### AIM OF THE EXERCISE
Your answer must be an exact repeat of the lines from the one containing "Brooklyn Live!, фото № 7" through the last line of the records, both included, with no pictures.
________
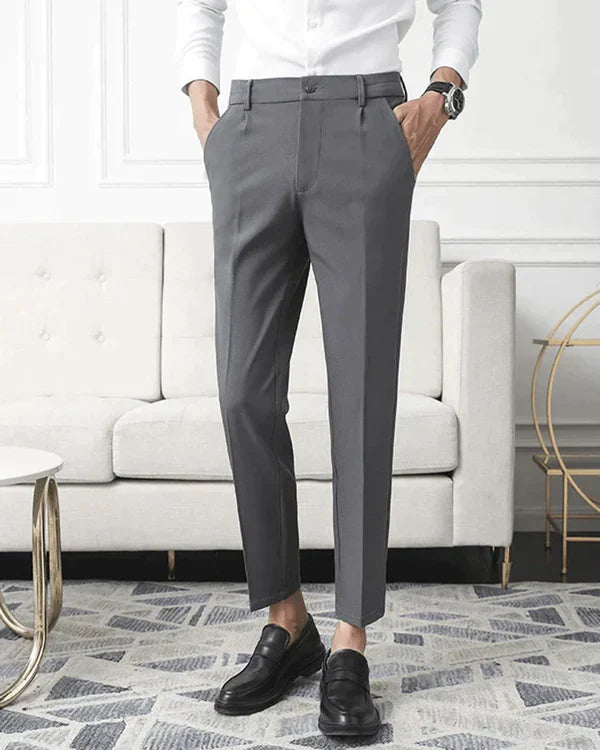 Milano Trousers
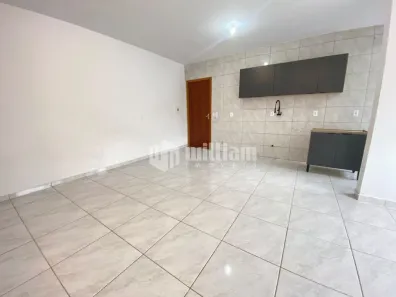 Apartamento com 2 Quartos para alugar, 54m² no Rio Branco, Brusque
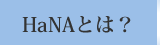HaNAとは?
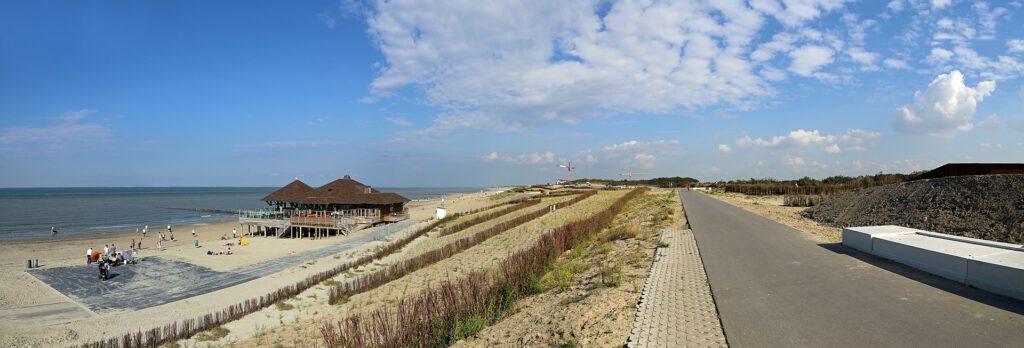 1920px Cadzand Beach R02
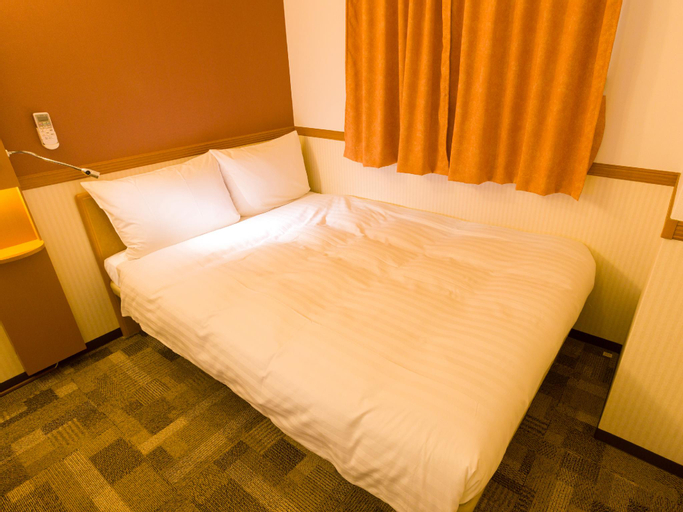 Bedroom 11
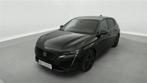 Peugeot 308 1.2 PureTech GT Pack S&S Navi / Led / PDC, Automaat, Gebruikt, 1199 cc, 3 cilinders
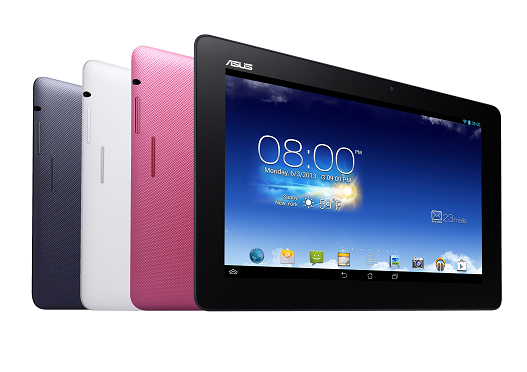 Планшет ASUS MeMO Pad FHD 10 стоит 3150 грн Планшет ASUS MeMO Pad FHD 10 стоит 3150 грн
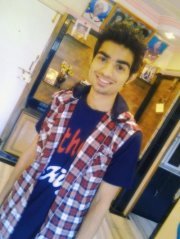 Lalit Savalia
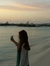 Brianna
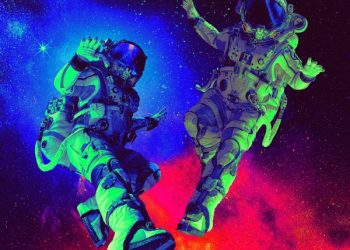 Future & Lil Uzi Vert Drop Deluxe Edition Of ‘Pluto x Baby Pluto’ Album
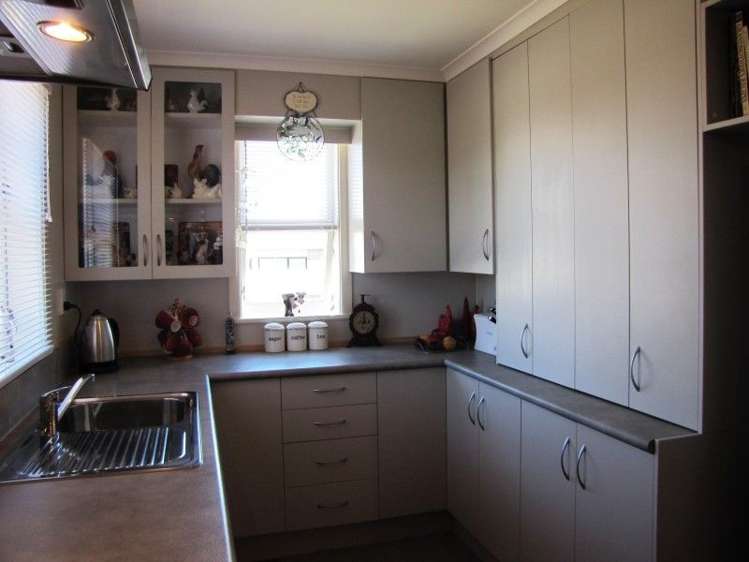 201 Baillie Street Thames_11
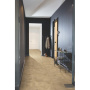 Ламинат Quick Step Impressive Patterns Ultra IPU 4142 Дуб Песочный Брашированный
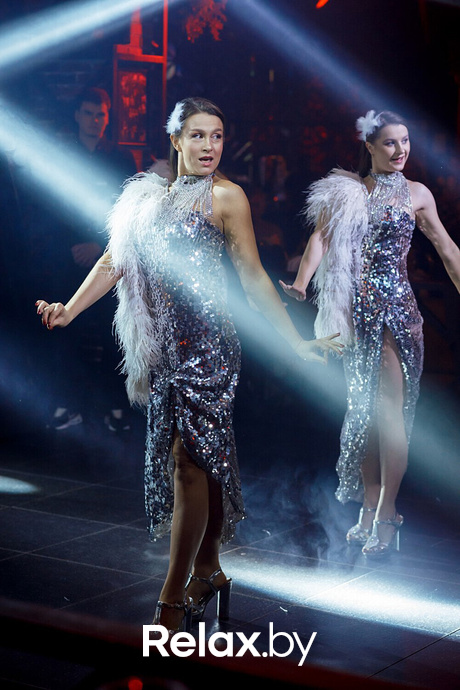 Brooklyn Live!, фото № 7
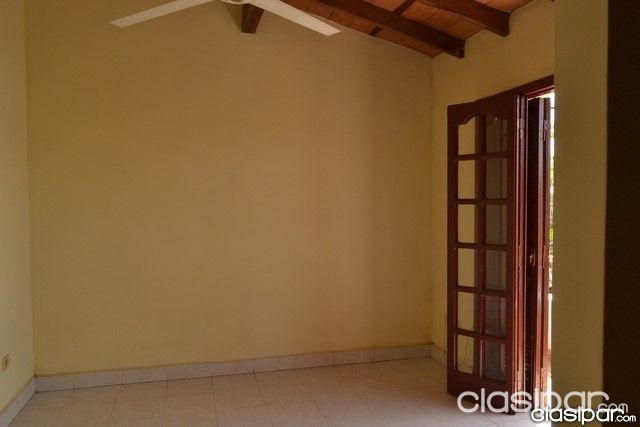 VENDO DUPLEX EN LAMBARE - CON CARTA DE OFERTA — foto 3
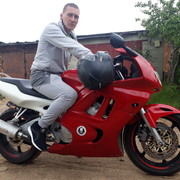 ���������� ������, ������� ����, 37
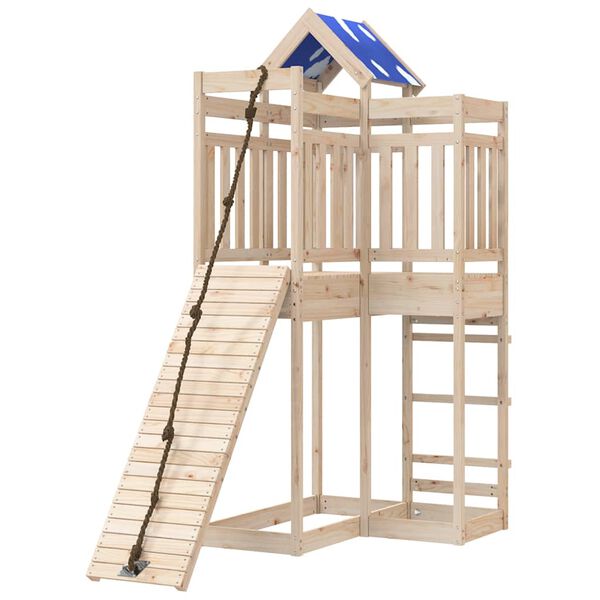 Mostrando imagen del producto 4 de 9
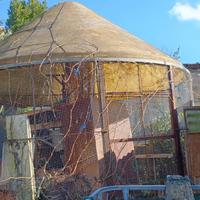 Coperture Vetroresina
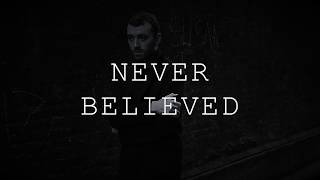 Sam Smith   Pray Lyrics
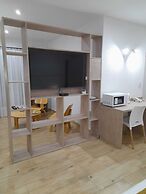 Chacras de Sierra Hotel & Spa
________
### WRITTEN SOLUTION
 Brooklyn Live!, фото № 7
 VENDO DUPLEX EN LAMBARE - CON CARTA DE OFERTA — foto 3
 ���������� ������, ������� ����, 37
 Mostrando imagen del producto 4 de 9
 Coperture Vetroresina
 Sam Smith   Pray Lyrics
 Chacras de Sierra Hotel & Spa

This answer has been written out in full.